EXHIBIT 3.44
ARTICLES OF INCORPORATION
OF
THRIFTY INSURANCE AGENCY, INC.
The undersigned natural person(s), in order to form a corporation for the purposes hereinafter stated, under and pursuant to the Arkansas Business Corporation Act, hereby certify/certifies as follows:
1. The name of this corporation is Thrifty Insurance Agency, Inc. (the “Corporation”).
2. The street address of the Corporation’s initial registered office is 425 West Capitol, Suite 1700, Little Rock, Arkansas 72201, and the name of the initial registered agent of the corporation at that address shall be The Corporation Company.

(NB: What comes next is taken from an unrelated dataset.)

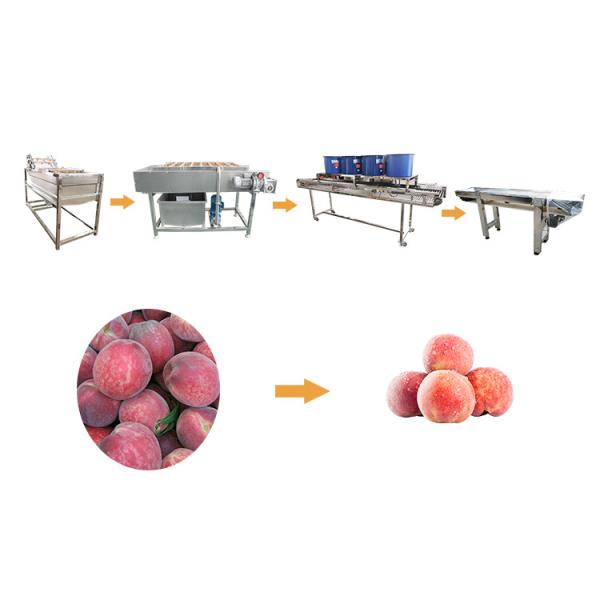 Quality Hot selling Multifunctional Automation Cleaning Processing Machine by Huafood for sale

3. The nature of the business of the Corporation and the primary object or purposes proposed to be transacted, promoted or carried on by it, are as follows:
(a) To act as an insurance agency and to sell all classes of insurance now or hereafter permitted by statutes.
(b) To conduct any other business enterprise not contrary to law.
(c) To exercise all of the powers enumerated in the Arkansas Business Corporation Act.
4. The total amount of the authorized capital stock of this Corporation is 100,000 shares of common stock with $1.00 par value each.
5. The name and post office address of each incorporator is as follows:
Name | | POST OFFICE ADDRESS: |
| | |
Michelle S. Carney | | 425 West Capitol, Suite 1800 |
| | Little Rock, Arkansas 72201 |
6. The number of directors constituting the Board of Directors shall be provided in the Bylaws of the Corporation. The Board of Directors shall have all those powers and duties enumerated in the Arkansas Business Corporation Act.
7. To the maximum extent permitted by the Arkansas Business Corporation Act, no member of the Board of Directors shall be liable to the Corporation or the stockholders of the Corporation for any monetary damages for breach of his duty as a director.
8. The Corporation may indemnify its directors, officers, employees and agents to the fullest extent permitted by the Arkansas Business Corporation Act.
9. Unless the Bylaws of the Corporation otherwise provide for a greater number, a quorum at any meeting of the shareholders of the Corporation shall consist of a majority of the votes entitled to be cast on the matter, represented in person or by duly authorized proxy at such meeting.
10. The Articles of Incorporation or Bylaws of the Corporation may be amended, repealed, or adopted solely by the holders of a majority of the outstanding shares entitled to vote.
EXECUTED this 31st day of March, 1999.